The next challenge for libraries is letting patrons use the content that they find. Finding content is not the problem. As libraries we can allow patrons to use the content in a different sort of way. The next gen catalog is a tool to do others things that are exemplified by action verbs: tag it, review it, annotate it, compare and contrast.
Libraries always serve a community: business, university, city, government. Your library will be able to provide services against your content better than Google can.
Karen Coyle
I want to be able to walk into the stacks and do catalog searches with handheld devices. The fact that when I’m in the library and have less access to resources than when I’m sitting at my desk at home is ridiculous.
What my job often is these days is that I’m paid to write reports you couldn’t pay me to read.
“The future of bibliographic control will be highly collaborative, decentralized, international in scope, and web-based. It will take place in cooperation with the private sector and users will be among the new partners who collaborate with libraries. Data will be gathered from multiple sources. ”
Paraphrase of the opening section of the Library of Congress Working Group on the Future of Bibliographic Control.
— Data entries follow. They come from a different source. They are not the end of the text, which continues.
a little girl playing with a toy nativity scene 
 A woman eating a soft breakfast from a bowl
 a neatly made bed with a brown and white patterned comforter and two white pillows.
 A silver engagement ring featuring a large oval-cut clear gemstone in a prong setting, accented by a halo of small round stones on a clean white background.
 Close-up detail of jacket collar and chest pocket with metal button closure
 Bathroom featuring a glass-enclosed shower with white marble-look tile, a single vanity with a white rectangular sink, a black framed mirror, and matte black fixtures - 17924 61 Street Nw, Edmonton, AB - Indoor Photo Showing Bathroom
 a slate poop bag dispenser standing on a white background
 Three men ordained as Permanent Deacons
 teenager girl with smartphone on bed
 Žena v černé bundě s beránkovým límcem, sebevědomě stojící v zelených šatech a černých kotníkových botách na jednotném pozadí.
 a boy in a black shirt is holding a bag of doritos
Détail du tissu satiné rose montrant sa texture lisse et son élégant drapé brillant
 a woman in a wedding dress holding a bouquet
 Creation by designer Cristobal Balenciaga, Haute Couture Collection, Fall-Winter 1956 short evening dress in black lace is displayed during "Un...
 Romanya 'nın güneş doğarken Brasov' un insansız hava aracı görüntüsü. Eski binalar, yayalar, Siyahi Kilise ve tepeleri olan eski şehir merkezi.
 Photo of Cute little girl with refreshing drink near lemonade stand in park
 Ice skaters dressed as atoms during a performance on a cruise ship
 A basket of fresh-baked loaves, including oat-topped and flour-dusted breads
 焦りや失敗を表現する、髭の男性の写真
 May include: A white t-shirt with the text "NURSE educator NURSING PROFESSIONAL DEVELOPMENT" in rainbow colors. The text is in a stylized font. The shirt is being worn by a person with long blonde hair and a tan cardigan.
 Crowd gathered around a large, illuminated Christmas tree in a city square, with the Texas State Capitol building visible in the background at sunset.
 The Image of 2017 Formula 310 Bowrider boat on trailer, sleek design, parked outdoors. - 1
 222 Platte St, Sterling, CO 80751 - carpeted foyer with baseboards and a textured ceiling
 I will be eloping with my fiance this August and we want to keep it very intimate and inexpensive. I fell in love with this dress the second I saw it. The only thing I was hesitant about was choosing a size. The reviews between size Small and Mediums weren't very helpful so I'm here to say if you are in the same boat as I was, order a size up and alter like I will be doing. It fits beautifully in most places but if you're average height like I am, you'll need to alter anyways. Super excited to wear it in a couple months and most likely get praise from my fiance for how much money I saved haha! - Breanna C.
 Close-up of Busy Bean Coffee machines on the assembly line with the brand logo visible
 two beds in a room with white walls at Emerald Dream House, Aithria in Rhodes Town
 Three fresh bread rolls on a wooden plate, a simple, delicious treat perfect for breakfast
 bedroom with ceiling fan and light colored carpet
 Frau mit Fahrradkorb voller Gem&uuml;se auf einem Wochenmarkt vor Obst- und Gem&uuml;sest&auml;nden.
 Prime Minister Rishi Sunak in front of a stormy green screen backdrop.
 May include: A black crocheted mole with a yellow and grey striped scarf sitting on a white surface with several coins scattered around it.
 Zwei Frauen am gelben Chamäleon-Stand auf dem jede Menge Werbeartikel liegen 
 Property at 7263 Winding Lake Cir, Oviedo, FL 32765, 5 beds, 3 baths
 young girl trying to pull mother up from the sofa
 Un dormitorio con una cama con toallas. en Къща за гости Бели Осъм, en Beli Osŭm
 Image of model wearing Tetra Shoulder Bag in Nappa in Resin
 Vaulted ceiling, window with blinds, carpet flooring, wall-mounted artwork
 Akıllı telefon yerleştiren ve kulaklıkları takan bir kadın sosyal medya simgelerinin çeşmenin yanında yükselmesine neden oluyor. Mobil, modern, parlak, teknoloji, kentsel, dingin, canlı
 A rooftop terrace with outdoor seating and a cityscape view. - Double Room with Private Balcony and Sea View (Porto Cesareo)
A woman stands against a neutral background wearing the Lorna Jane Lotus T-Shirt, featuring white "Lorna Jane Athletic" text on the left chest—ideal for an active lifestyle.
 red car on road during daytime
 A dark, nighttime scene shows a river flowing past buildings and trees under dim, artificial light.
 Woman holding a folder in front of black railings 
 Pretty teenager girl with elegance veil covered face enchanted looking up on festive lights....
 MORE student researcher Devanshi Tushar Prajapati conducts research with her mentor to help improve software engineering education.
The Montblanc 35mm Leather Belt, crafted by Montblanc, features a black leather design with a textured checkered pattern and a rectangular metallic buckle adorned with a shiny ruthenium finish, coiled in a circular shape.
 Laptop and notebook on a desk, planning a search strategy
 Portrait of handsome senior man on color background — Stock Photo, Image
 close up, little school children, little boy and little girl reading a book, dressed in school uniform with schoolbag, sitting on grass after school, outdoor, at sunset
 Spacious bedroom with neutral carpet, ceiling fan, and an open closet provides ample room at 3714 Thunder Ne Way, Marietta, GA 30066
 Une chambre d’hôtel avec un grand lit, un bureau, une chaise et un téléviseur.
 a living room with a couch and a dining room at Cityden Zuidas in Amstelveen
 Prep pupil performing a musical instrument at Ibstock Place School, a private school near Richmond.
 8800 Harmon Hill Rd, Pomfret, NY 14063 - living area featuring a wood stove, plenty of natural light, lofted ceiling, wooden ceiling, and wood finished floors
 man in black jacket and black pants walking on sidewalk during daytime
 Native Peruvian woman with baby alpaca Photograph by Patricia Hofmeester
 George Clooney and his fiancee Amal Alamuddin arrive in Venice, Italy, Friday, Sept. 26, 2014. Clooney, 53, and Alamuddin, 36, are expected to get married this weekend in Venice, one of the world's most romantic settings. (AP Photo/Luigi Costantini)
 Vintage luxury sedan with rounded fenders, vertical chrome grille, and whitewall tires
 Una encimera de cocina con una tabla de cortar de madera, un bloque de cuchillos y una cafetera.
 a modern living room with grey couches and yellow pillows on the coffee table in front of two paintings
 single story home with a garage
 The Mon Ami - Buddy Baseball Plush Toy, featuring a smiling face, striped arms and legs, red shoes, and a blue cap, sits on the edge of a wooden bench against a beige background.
http://www.loc.gov/bibliographic-future/news/lcwg-report-draft-11-30-07-final.pdf
The future of bibliographic control will not have control. It is not going to be a controlled future. It will be a gigantic mash-up. My fear right now is that if we don’t make some extreme changes, it will not involve libraries. Other people will be doing it, we won’t. And we won’t because it is going to be about linking, it is going to be about everyone having access to the data. The data has to be unencumbered and anyone can use it in any way they want. Right now it is easier to get bibliographic data from Amazon and from the publishers than it is from libraries. So if we don’t really get on the ball, the future of bibliographic control is not even going to involve us. There are a lot of things that we have to give up in order to allow this future to include us, one of them being that it no longer matters if the data/records we create for bibliographic data are the same.
Need to be able to offer the users the option to see other items that are similar.
The increase of user to user interaction.
More and more the institution is not going to be the focus of the interaction. As users can connect and interact with each other, that will be their choice. Libraries have to make sure that their content is available and accessible while users are interacting with one another.